Stocks & Bonds Dumped After Fed’s Brainard Hawkish Comments
In case anyone had doubts about The Fed’s Lael Brainard’s transformation from dove to hawk, she opened her speech today by citing both Paul Volcker and Arthur Burns…
Forty years ago, Paul Volcker noted that the dual mandate isn’t an either-or proposition and that runaway inflation “would be the greatest threat to the continuing growth of the economy… and ultimately, to employment.”
Arthur Burns noted in the late 1960s that “there can be little doubt that poor people…are the chief sufferers of inflation.”

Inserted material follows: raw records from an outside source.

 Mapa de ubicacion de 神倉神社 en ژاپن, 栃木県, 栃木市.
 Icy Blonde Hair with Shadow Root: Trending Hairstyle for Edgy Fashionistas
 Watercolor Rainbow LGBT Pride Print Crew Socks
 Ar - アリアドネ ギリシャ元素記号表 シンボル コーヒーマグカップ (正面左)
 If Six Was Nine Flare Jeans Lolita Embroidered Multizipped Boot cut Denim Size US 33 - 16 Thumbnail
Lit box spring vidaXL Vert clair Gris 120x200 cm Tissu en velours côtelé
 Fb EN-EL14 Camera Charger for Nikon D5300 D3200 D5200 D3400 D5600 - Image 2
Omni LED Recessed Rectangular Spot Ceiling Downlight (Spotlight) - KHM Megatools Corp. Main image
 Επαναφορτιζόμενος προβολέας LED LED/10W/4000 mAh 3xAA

Brainard then ripped off her historically dovish mask completely and unveiled the uber-hawk in a speech at a conference sponsored by the central bank’s regional bank in Minneapolis this morning:
“Currently, inflation is much too high and is subject to upside risks,” Brainard said, adding that “it is of paramount importance to get inflation down.”
Nothing really new there BUT, then Brainard dropped the following on the balance sheet:
To bring inflation down, the Fed will “continue tightening monetary policy methodically through a series of interest rate increases and by starting to reduce the balance sheet at a rapid pace as soon as our May meeting,” Brainard said.

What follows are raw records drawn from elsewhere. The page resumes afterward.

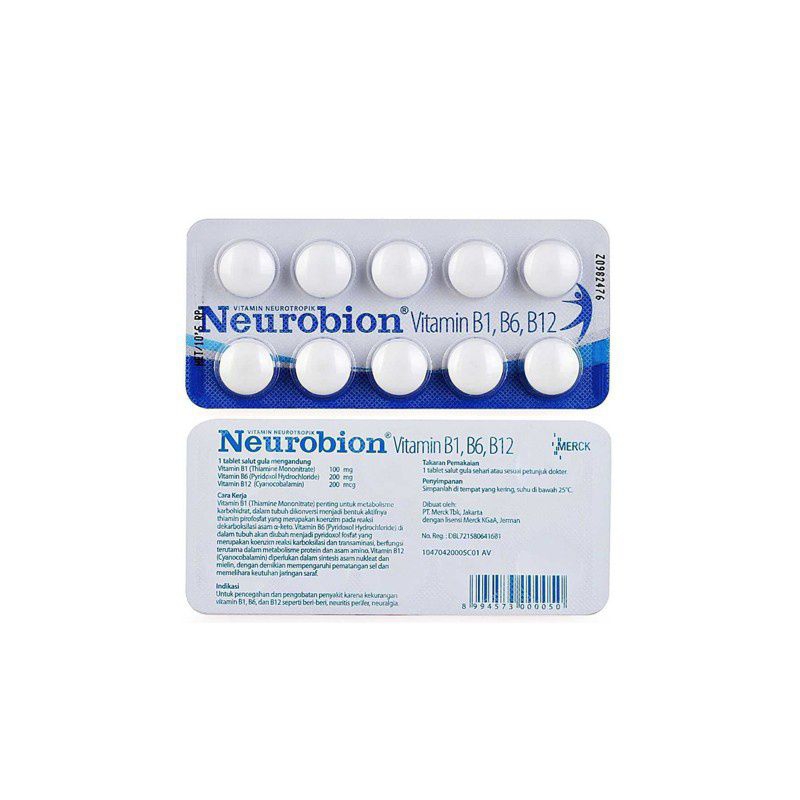 Neurobion putih / Vitamin B kompleks/ Vitamin B1, B6, B12
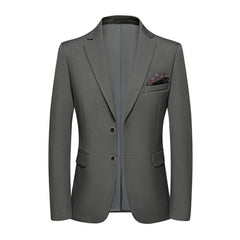 2025 Men's Slim Fit Business Casual Blazer High Quality Fashion All-in-One Banquet Korean Style Handsome Trend for All Seasons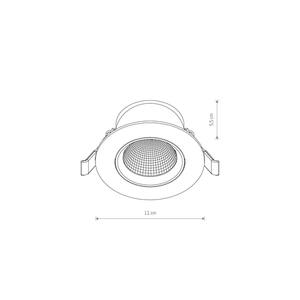 Adjustable downlight EGINA LED 10W 10554 - Nowodvorski small 4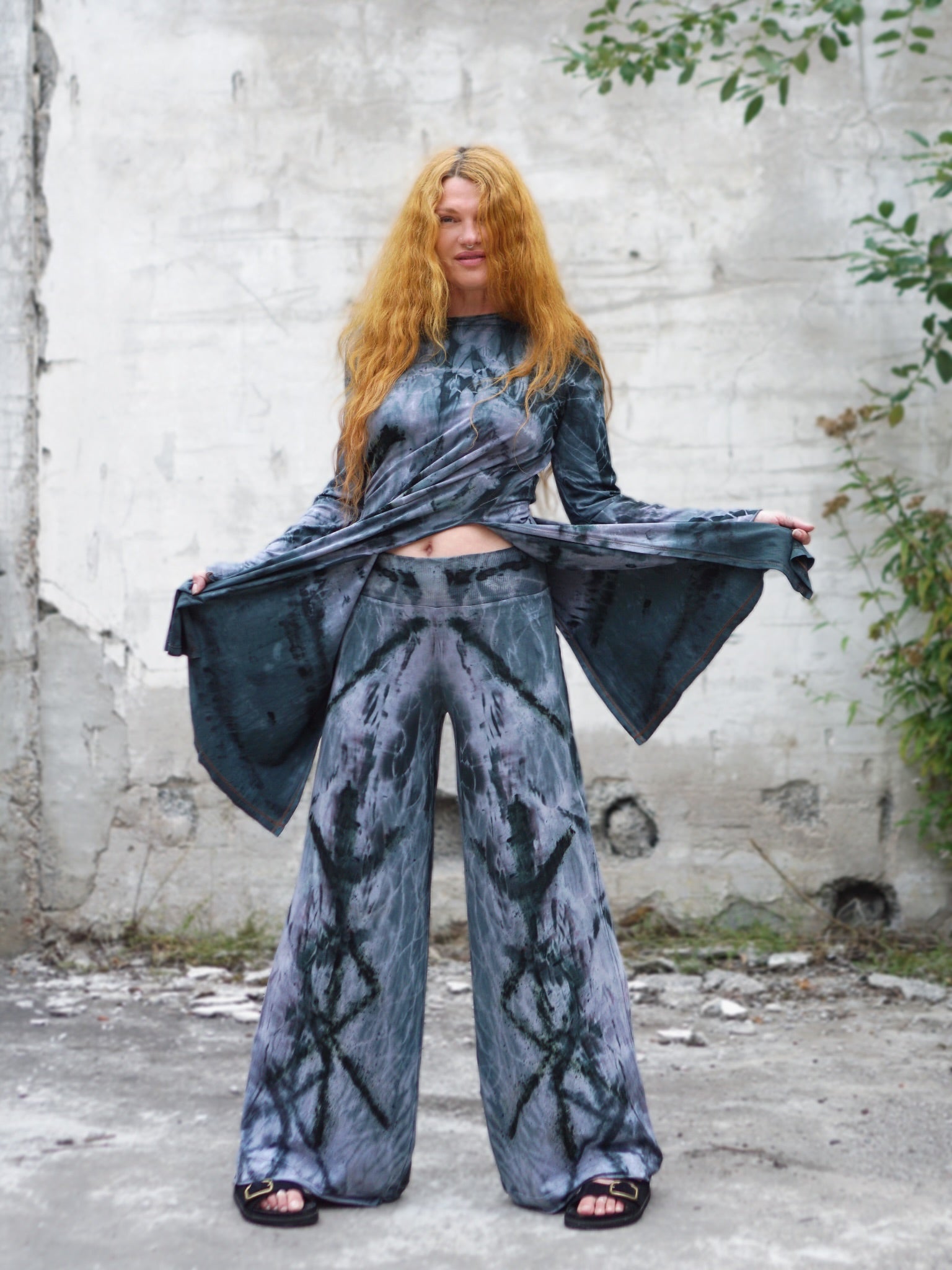 Natural Habitat Comfy Pant  -  Grey Black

The Fed is “prepared to take stronger action if indicators of inflation and inflation expectations indicate that such action is warranted,” she said.
She then went even further…
“Given that the recovery has been considerably stronger and faster than in the previous cycle, I expect the balance sheet to shrink considerably more rapidly than in the previous recovery, with significantly larger caps and a much shorter period to phase in the maximum caps compared with 2017–19.”
Concluding that:
“I expect the combined effect of rate increases and balance sheet reduction to bring the stance of policy to a more neutral position later this year with the full extent of additional tightening over time dependent on how the outlook for inflation and employment evolves.”
And that was enough to slam stocks lower…
Rapidly erasing yesterday’s exuberance…
Bond yields spiked further with 10Y hitting 2.50%…
It appears The Fed is preparing the stock market for pain ahead… will it get the message that bonds have been getting for weeks?